Hello, I am a undergrad student at UC Davis, with no experience using the API, or SDK of the Allen Brain Institute.
I am trying to create a python module, that will match patient microarray expression data to their disease, and anatomical structure. So using my module, and downloaded microarray data, I can querey the following. “Given gene classification, “autism”, what genes are expressed?” “Given anatomy structure, “prefontal cortex”, what diseases have their genes significantly expressed here?” etc.

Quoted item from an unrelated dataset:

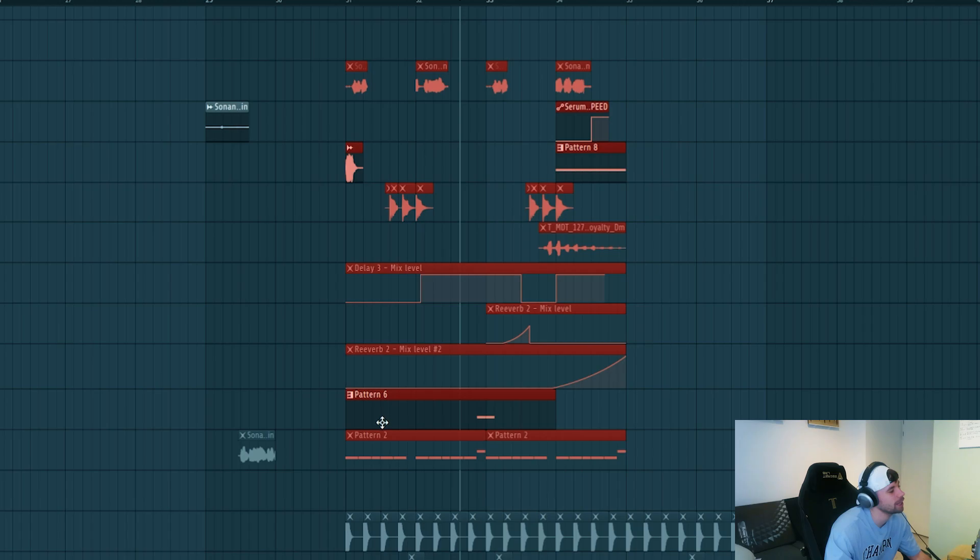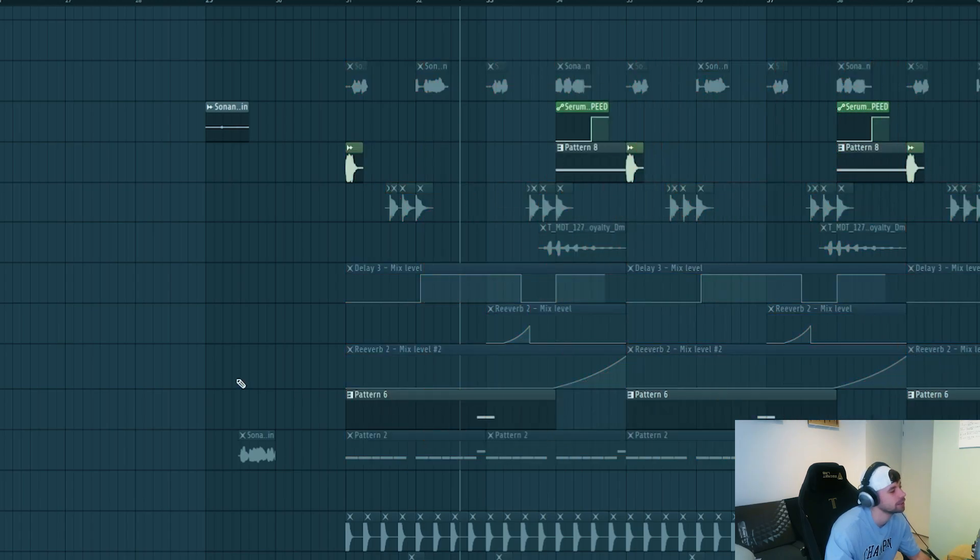We've carved all the elements of the drop, now we need to arrange it. Just duplicate all the parts and we have our drop ready. I think it turned out really dope — we quite nailed the style. Let me know in the comments down below what you think of it. If you like the video, drop a like and hit the subscribe button. The result will sound like this, and I'll see y'all in the next video.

Now, I have the expression.csv file, and I understand the rows are the probes, and each column is a z score. However, I don’t know which column goes to which structure, or to which patient. So my question is, “how is the expression file from the downloaded microarray data organized?”
To reiterate, I downloaded all the data from the gene classification, “autism”. The expression file has no headers, detailing what anatomical structure or patient the z-scores come from. Is there a key for the csv file?
Hi @GerrikLabra. When you download expression data using a “Download this data button” you should have a zip file with four files: “Contents.txt”, “Expression.csv”, “Columns.csv”, and “Probes.csv”. Contents.txt will provide more details, but Probes.csv tells you about the probes/genes and Columns.csv tells you about the samples, including the information you request here.
1 Like
Hi Jeremy,
I read the document and the help files, but it only tells me the following.
"The file Expression.csv contains expression values, calculated using zscore normalization. Each row begins with the ID of a probe.
The file Columns.csv contains metadata for each column in Expression.csv, arranged in the same order."
So, is row 1 column B of expression.csv, relating to the second row of columns.csv. Then in row 2, col B, expression, is row 1 of columns. row 3, 4, 5, etc, column B, of expression is for row 1 of columns. Ok. Then columns B-all represents in expression.csv represent all the rows in columns.csv
Correct! Columns B,C,D,… of expression.csv correspond to rows 2,3,4,… in Columns.csv. Rows 1,2,3,… in expression.csv correspond to rows 2,3,4,… in Probes.csv and can also be matched from the id’s in column A.
1 Like
What do these value even mean?
Does -0.5 mean that this gene is very little expressed?
These are most likely Z scores. See this post and the related post it references for more detail.
So in Brainspan. This fold change what dies this mean?
In all the atlases (including Brainspan) the fold change is the ratio of expression in the target vs. contrast structures:
I get this mess. But why?
You need to import them into Excel rather than directly opening, or use a text editor or a programming language. This can be resolved using a Google search.